Executive Summary:
ChowNow is an online food delivery company service that allows customers to order food from local restaurants.
ChowNow makes money from monthly or yearly subscription fees, setup fees, as well as order fees for its Order Better Network.
Founded in 2010, ChowNow has become one of North America’s leading food delivery platforms. It now works together with over 20,000 restaurants.
What Is ChowNow?
ChowNow is an online food delivery company service that allows customers to order food from local restaurants.
The company, unlike other delivery platforms like DoorDash, differentiates itself by not imposing exorbitant fees that can be as high as 40 percent. In fact, it doesn’t charge a percentage fee at all.
ChowNow offers any cuisine imaginable, including pasta, Vietnamese, barbecue, Korean, Mediterranean, Cajun, desserts, sushi, Indian, pizza, and many more.
Apart from access to its food delivery marketplace, ChowNow has also developed a range of other products for its restaurant partners.
This, for example, includes its order network which enables restaurants to automatically get listed on a variety of platforms such as Google, Snapchat, or Yelp, a Point Of Sale (POS) system, or the ability to create membership programs, amongst many others.
Consumers who want to order food can do so by downloading ChowNow’s mobile app, which is available on Android and iOS devices.
ChowNow Company History
ChowNow, headquartered in Los Angeles, California, was launched in 2010 by Christopher Webb and Eric Jaffe.
Webb began his career in the early 2000s as a 19-year-old analyst at Bear Stearns.
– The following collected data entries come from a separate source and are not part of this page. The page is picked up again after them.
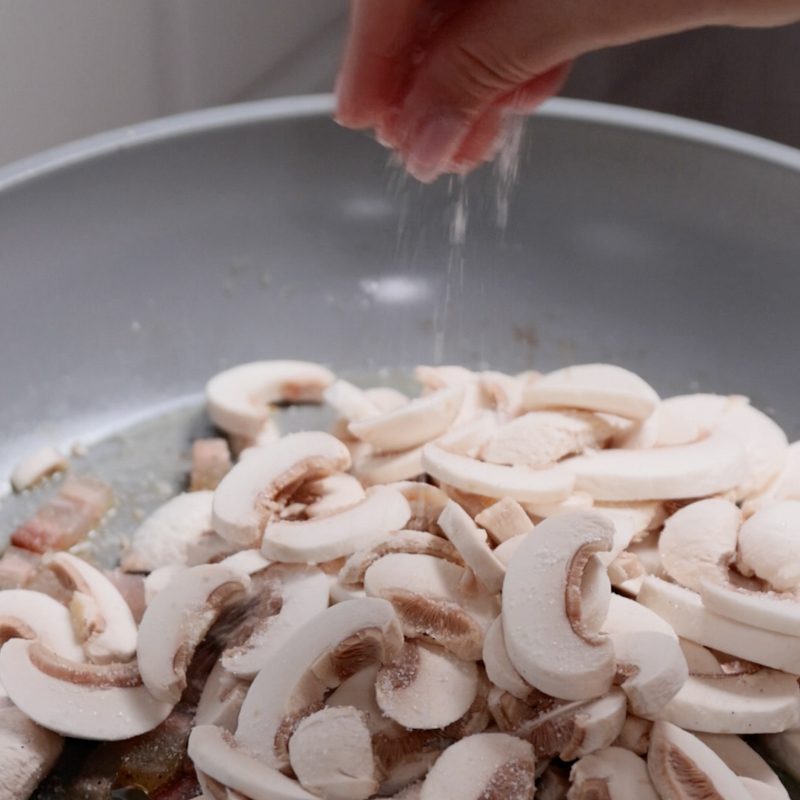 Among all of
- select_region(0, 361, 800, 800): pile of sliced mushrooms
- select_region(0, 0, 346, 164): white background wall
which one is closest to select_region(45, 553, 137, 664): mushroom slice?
select_region(0, 361, 800, 800): pile of sliced mushrooms

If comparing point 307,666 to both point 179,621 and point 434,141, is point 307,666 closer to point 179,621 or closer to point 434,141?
point 179,621

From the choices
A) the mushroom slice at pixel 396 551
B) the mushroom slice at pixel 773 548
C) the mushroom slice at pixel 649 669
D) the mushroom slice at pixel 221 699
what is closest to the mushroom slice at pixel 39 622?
the mushroom slice at pixel 221 699

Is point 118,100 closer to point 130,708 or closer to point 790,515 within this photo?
point 130,708

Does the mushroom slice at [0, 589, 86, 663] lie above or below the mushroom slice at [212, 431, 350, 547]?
below

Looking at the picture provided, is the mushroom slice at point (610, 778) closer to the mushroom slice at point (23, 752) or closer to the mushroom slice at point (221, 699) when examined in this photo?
the mushroom slice at point (221, 699)

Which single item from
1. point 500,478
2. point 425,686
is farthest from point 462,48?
point 425,686

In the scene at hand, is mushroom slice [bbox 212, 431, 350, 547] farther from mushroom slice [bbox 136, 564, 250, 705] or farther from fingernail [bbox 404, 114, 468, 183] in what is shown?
fingernail [bbox 404, 114, 468, 183] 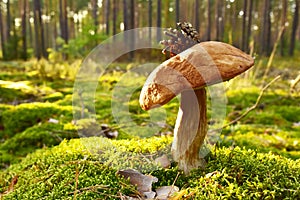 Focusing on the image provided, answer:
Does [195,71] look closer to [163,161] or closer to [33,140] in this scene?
[163,161]

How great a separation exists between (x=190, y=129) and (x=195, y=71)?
1.55 ft

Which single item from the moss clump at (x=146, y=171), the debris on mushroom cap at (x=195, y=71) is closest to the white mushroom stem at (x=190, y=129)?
the moss clump at (x=146, y=171)

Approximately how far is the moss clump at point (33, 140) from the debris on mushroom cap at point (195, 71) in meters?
2.15

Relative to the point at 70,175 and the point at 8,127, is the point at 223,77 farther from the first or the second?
the point at 8,127

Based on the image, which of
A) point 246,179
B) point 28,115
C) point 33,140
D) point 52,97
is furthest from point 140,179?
point 52,97

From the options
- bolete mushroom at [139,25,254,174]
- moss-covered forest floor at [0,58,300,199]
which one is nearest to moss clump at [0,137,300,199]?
moss-covered forest floor at [0,58,300,199]

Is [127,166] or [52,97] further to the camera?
[52,97]

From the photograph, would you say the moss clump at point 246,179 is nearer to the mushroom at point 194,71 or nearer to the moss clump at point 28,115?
the mushroom at point 194,71

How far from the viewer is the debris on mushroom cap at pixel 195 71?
4.55 ft

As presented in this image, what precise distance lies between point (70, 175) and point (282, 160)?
1.39 metres

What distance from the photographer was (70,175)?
1850 mm

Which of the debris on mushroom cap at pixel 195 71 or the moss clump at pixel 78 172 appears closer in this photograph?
the debris on mushroom cap at pixel 195 71

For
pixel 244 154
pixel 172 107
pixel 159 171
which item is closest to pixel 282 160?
pixel 244 154

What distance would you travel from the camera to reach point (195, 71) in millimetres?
1390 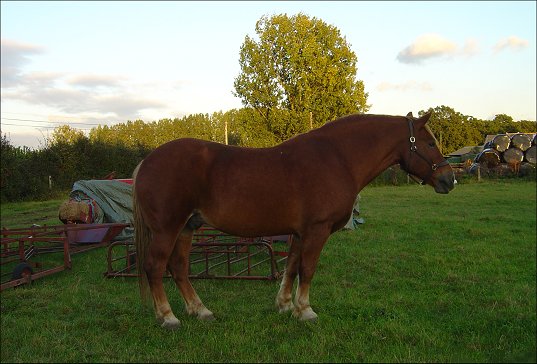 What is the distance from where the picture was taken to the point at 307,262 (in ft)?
16.0

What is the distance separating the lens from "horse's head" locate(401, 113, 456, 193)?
5.22 m

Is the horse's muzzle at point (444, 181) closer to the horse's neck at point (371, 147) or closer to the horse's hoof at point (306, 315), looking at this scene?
the horse's neck at point (371, 147)

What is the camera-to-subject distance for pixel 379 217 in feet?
46.3

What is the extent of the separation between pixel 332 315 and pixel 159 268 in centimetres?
201

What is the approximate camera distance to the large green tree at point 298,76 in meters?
29.8

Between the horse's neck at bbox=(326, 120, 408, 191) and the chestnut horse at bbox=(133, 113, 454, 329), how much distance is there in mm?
16

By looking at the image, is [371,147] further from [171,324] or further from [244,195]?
[171,324]

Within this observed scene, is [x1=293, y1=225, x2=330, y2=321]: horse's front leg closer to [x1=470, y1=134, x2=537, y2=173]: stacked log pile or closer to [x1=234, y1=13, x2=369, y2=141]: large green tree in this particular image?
[x1=470, y1=134, x2=537, y2=173]: stacked log pile

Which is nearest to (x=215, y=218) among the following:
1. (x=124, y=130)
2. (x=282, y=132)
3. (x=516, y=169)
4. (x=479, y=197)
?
(x=479, y=197)

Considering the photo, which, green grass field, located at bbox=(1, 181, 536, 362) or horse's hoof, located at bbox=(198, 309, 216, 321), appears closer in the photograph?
green grass field, located at bbox=(1, 181, 536, 362)

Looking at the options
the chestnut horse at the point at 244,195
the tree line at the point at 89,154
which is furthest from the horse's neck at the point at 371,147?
the tree line at the point at 89,154

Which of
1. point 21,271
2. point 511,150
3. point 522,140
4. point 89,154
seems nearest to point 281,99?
point 89,154

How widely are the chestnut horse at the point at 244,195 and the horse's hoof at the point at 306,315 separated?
11 mm

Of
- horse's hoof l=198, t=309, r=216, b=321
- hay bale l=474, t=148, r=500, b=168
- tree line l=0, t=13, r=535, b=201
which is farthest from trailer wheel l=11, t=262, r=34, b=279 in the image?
tree line l=0, t=13, r=535, b=201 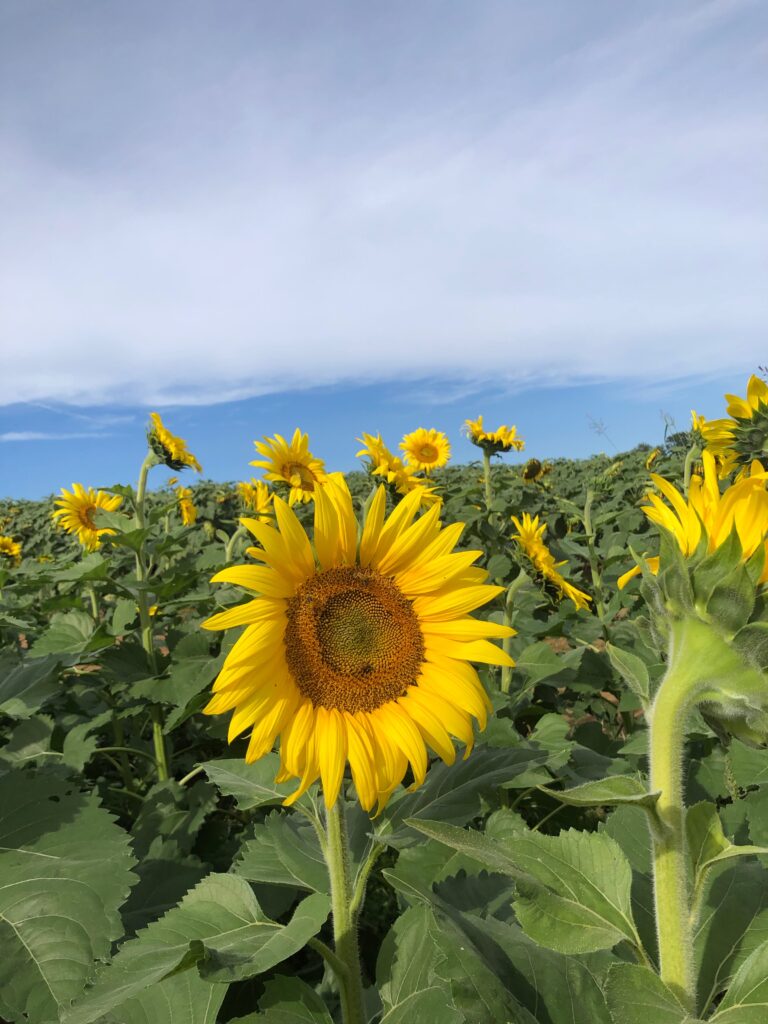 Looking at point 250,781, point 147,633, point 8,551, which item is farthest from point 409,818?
point 8,551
After three years, he decided to move to New York to play in the big leagues by joining Lehman Brothers as an associate.
Ironically enough, both Bear Stearns and Lehman Brothers eventually became the poster children for the great financial crisis which ensued in 2008.
Webb, as a result of Lehman’s bankruptcy, was yet again on the hunt for another job. This led him to join RBC as an equity trader where he would spend the next two years.
He eventually grew tired of the New York City lifestyle and wanted to move back home to Los Angeles. Moreover, Webb was itching to start a business of his own. Many of his family members had been entrepreneurs for most of their lives, which became a huge inspiration for his.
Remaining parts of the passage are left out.